Jean-Baptiste de Secondat had not only helped his father finish The Spirit of the Laws, but he was known for his scientific experiments in the Pyrenees, climbing the Pic du Midi in 1743 to confirm the Englishman Fahrenheit’s findings about pressure and temperature. As a wine grower, he was also responsible for the then-nascent field of agronomy and would later become a scholar in the field of economics.

By 1764, Jean-Baptiste was spending his summers high in the mountains of the Pyrenees, based in the town of Bagnères-de-Bigorre. So, Smith and the Duke set out. The young Duke, nearly 18 years old, wealthy, and by all accounts quite a catch, was interested in a lady, who would also be in the resort town, famous for its thermal springs. 

Those who made the trek to Bagnères-de-Bigorre to “take the cure” generally stayed for the summer. Walking on the promenade was the primary social activity as walkers met friends and visitors. And, of course, there was the food. One can imagine that some patients had been advised to eat less meat and avoid the heavy food popular with the French aristocracy.

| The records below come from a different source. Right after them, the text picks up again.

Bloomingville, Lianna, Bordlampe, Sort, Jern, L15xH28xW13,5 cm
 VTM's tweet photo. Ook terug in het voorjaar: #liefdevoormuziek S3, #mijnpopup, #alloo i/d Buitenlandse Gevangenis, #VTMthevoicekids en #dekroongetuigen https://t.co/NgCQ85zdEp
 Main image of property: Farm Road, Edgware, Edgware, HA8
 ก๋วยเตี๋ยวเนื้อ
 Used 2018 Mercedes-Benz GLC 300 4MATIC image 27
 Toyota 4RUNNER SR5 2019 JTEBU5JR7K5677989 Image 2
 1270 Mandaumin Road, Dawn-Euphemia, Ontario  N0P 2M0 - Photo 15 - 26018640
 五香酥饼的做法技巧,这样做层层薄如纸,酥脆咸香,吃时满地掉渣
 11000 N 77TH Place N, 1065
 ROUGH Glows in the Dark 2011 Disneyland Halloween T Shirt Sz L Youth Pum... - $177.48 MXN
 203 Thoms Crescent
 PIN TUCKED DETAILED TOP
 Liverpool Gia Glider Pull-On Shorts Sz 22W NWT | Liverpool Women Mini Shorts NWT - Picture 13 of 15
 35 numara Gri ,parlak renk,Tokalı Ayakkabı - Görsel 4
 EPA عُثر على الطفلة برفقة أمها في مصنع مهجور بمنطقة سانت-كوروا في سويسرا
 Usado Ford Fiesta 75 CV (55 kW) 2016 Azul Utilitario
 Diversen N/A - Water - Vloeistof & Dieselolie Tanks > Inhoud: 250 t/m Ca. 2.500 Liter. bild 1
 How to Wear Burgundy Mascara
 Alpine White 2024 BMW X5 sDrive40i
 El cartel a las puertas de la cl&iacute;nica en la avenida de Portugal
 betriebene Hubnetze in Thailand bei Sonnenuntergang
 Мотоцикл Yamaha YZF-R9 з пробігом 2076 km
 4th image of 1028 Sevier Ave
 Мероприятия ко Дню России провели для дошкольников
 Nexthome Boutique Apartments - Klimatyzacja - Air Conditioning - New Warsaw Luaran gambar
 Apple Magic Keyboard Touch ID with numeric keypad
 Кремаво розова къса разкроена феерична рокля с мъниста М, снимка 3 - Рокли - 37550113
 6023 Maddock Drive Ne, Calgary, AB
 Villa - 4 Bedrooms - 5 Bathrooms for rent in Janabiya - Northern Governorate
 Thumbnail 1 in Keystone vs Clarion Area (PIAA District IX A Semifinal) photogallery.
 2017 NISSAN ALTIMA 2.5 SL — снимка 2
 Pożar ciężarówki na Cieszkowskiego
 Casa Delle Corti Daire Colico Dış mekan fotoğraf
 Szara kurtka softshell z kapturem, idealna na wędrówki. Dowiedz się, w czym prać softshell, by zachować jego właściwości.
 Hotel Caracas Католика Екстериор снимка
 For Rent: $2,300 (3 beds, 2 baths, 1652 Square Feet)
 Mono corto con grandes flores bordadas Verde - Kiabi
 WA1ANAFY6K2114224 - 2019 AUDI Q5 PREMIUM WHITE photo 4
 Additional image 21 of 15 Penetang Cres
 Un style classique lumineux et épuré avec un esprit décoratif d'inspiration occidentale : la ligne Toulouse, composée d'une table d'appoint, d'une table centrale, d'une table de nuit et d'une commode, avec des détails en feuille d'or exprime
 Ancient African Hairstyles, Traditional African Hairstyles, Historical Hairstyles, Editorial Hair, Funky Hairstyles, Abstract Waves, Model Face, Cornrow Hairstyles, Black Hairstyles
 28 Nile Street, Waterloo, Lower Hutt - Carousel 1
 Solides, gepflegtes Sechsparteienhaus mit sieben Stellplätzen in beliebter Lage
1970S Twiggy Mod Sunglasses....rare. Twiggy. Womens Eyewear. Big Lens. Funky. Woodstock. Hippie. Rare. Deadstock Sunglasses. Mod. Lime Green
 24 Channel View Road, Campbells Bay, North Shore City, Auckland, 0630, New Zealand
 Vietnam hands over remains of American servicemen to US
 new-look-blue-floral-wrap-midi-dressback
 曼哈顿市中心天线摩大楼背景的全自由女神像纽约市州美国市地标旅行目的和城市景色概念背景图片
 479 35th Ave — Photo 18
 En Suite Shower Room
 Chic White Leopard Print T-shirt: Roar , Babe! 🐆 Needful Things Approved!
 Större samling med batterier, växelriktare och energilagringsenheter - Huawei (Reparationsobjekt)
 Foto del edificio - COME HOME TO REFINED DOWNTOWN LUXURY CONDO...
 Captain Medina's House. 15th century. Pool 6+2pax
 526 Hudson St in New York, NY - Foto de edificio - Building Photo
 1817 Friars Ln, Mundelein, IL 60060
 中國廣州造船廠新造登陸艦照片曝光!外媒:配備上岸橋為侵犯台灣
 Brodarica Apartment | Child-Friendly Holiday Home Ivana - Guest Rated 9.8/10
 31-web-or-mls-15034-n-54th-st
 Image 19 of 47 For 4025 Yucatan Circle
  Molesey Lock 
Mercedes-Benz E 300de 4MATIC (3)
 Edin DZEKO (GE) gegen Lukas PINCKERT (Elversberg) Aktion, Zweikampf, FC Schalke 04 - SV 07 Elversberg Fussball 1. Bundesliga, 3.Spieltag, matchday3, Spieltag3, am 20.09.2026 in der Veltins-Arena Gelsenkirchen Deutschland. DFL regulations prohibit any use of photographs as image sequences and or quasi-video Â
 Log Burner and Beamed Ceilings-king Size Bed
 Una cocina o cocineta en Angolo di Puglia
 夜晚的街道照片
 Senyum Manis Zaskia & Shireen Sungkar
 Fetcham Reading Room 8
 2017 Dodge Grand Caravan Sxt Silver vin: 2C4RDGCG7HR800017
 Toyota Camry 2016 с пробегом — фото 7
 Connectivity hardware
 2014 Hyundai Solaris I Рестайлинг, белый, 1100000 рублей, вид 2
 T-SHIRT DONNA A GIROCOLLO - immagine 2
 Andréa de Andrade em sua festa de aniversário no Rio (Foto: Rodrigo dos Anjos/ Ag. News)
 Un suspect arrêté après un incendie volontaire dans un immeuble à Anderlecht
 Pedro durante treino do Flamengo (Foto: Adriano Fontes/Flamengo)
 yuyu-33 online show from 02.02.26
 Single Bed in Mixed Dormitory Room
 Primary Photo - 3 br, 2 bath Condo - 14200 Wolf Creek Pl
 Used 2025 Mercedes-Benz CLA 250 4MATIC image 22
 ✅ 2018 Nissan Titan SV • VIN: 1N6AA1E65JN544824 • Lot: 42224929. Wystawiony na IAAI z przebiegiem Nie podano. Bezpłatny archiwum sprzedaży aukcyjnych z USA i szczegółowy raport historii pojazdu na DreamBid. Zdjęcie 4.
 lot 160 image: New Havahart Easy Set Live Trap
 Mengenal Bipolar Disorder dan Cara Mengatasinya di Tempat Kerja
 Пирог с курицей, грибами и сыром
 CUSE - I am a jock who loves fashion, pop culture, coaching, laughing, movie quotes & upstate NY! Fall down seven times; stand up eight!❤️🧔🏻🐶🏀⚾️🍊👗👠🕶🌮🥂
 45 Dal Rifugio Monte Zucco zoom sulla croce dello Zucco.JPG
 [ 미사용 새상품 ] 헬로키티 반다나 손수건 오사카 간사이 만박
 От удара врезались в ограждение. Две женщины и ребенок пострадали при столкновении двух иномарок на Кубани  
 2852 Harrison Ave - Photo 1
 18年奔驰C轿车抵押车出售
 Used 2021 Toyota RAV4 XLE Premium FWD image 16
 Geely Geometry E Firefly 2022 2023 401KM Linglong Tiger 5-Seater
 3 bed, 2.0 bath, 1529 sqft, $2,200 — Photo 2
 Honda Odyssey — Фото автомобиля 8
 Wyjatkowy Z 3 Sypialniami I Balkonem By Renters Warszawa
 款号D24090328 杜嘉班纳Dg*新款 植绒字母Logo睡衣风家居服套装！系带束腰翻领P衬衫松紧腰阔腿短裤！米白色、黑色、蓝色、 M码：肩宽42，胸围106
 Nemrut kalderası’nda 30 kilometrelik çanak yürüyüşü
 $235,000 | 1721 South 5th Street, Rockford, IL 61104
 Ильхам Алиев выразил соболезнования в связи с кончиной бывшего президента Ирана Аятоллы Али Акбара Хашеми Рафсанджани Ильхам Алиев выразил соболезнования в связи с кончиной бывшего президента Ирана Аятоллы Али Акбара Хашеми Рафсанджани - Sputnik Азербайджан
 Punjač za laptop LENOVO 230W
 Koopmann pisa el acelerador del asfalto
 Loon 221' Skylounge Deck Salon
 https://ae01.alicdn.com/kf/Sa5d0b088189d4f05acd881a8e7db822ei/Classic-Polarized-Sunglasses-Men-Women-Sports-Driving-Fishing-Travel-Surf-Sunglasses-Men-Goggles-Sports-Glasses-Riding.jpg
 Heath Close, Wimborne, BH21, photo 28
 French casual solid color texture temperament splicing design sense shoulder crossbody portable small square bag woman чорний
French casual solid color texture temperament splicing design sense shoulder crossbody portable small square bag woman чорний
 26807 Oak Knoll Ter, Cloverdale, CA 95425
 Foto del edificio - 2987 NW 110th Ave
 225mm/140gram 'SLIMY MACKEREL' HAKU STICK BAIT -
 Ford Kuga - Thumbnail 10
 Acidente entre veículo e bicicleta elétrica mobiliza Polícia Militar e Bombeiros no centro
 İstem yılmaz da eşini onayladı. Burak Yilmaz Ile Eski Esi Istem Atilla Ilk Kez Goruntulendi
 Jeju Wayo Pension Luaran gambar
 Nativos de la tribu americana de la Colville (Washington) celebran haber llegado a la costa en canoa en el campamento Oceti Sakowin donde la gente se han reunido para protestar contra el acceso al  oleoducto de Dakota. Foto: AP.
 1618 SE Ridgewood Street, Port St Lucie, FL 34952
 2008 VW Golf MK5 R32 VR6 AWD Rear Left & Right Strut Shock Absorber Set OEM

It’s nearly certain Smith and the Duke would have encountered one of the region’s most popular dishes – garbure.  Born of the mountains and the border with the Basque region of Spain, this hearty vegetable soup features beans and the confit duck legs of the Languedoc along with a good dose of Basque pepper spice, piment d’espelette.

Enjoy this updated version adapted from Julia Child’s Mastering the Art of French Cooking. Knowing how little these recipes change, it might not be that different from what Smith would have enjoyed during his time in Bagnères-de-Bigorre.

Garbure – Basque cabbage soup

2 lbs Yukon Gold potatoes
2 lbs pork belly, sliced into 2-inch cubes
1 lb of smoked or country ham
1 large head of cabbage, roughly chopped
1 tsp piment d’espelette
½ cup parsley, chopped
1 bay leaf
1 tsp thyme
4 cloves of garlic, crushed
2 onions, chopped into large quarters
4 whole cloves
2 celery stalks, chopped
1 carrot, chopped
1 can Great Northern beans or 2 ½ cups cooked white beans
4 confit duck legs (optional)
Salt and cracked black pepper

  1. Place the potatoes and pork belly in a large soup pot with three quarts of water. Bring to a boil.  Season with salt and pepper.
  2. Add the ham, cabbage, piment d’espelette, parsley, bay leaf, thyme, garlic, onion, cloves, celery, and carrot.  Simmer for 1-2 hours, partially covered, until the pork belly is cooked. Remove the bay leaf. Skim off any fat from the top of the broth.
  3. Turn the heat to low. Add the beans and cook for another 15 minutes. Re-season as needed with salt, pepper, and piment d’espelette.
  4. Slice or shred each confit duck leg into large pieces. Just before serving, add the duck to the soup pot letting the heat from the soup warm it. 
  5. Ladle the soup into bowls dividing the pork belly, ham, and duck among portions. Serves 8 as a hearty meal.